When the university is moving
Peter Holt Overgaard
Studierender Roskilde University, Denmark
Study visits. We are visiting a university contact in a corner of
Hamburg, located far away from what the tourists choose to see.
Long streets with a few kiosks, little half green parks, towers squeezed in parcels and located "under" a huge Nazi bunker. Blocks are long and our pace is fast in order for us to reach the HCU HafenCity on time. Between sporadic trees and shrubs we finally reach our destination.

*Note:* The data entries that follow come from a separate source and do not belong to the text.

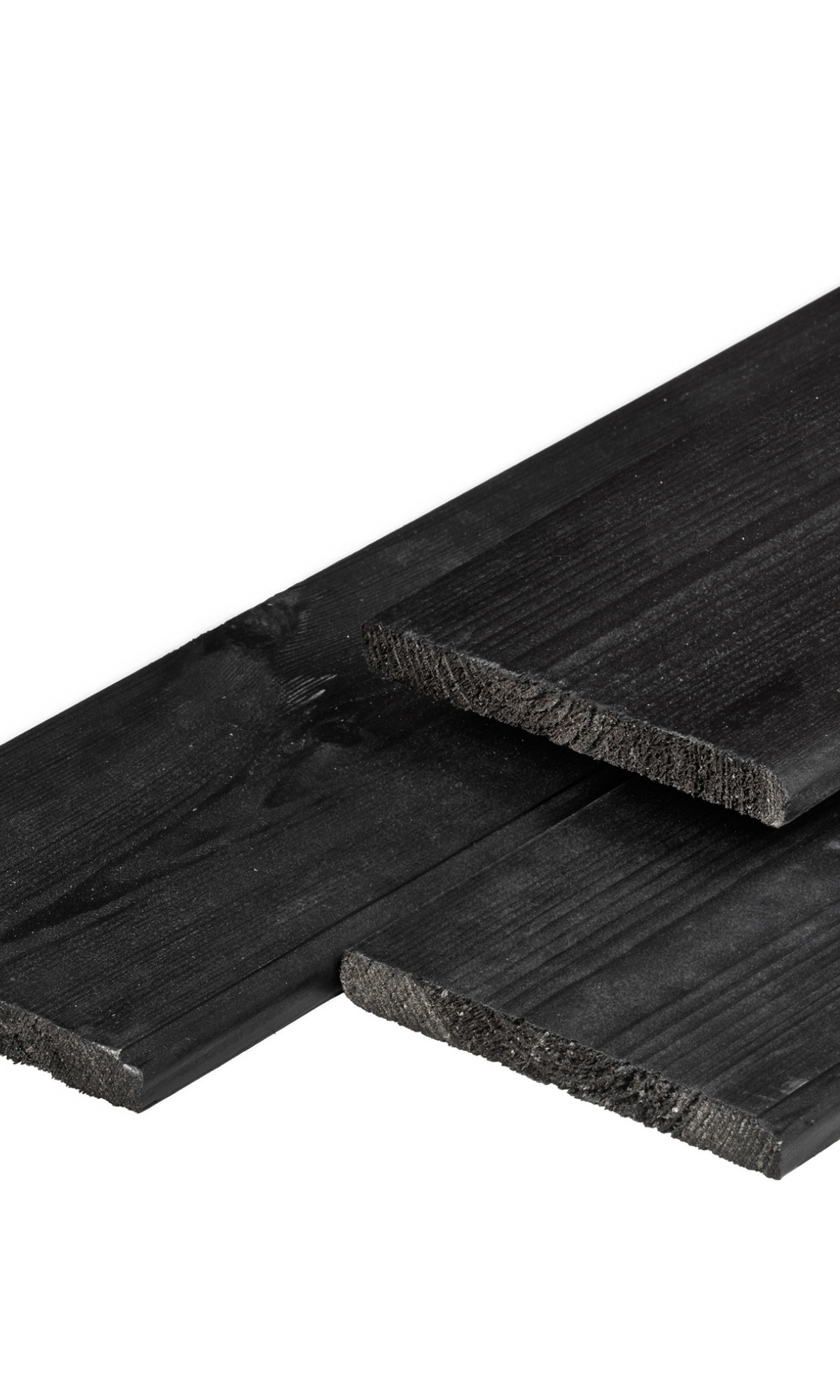 ME vuren plank 1,6 x 14,0 x 180 cm, gedroogd, zwart gespoten, geschaafd, 4 ronde hoeken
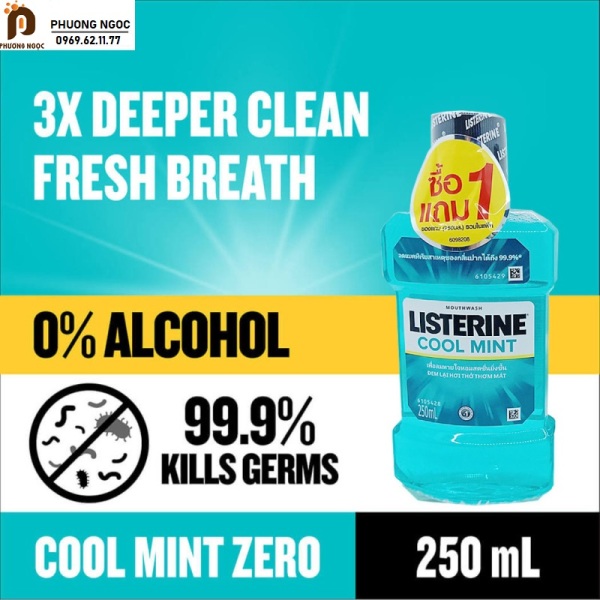 Bộ 2 chai nước súc miệng diệt khuẩn giữ hơi thở thơm mát Listerine Cool Mint 250ml/Chai {Nhập khẩu Thái Lan}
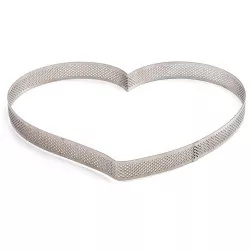Rozsdamentes szív alakú tartelette-forma 18x16x3,5 cm Microforata perforált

We find the entrance. There are high ceilings, skylights and a large kitchen island where students hang out and chat casually. We are greeted by the friendly, but serious Professor Bernd Kniess. We walk down a rough concrete passage and into his office. We sit on an old couch while he sits on a white 80’s leather chair. On a table stands an old grandmother lamp and from the ceiling hangs an architect’s cubic lamp experiment. No family photos, pleasant bulletin boards, or coffee makers. The back wall is covered with graffiti. Here it is half dark due to window guards. Quite a different lecture than what we are used to.
Professor Bernd summarizes the project for us on his power point.
University of the Nachbarschaften. A tactical grip for the overall political strategy. Hamburg is also striving to be a future knowledge and innovation capital. This follows a logic, which is also seen in urban development in Denmark, where urban spaces are thought of as voids to be filled. According to Bernd, the solutions are sought only in architectural renewal, completely overlooking the structures that already exist. Traditional strategy of urban development creates unnecessary costs for locals, often in contrast to the economic situation; he believes we must further develop existing urban spaces.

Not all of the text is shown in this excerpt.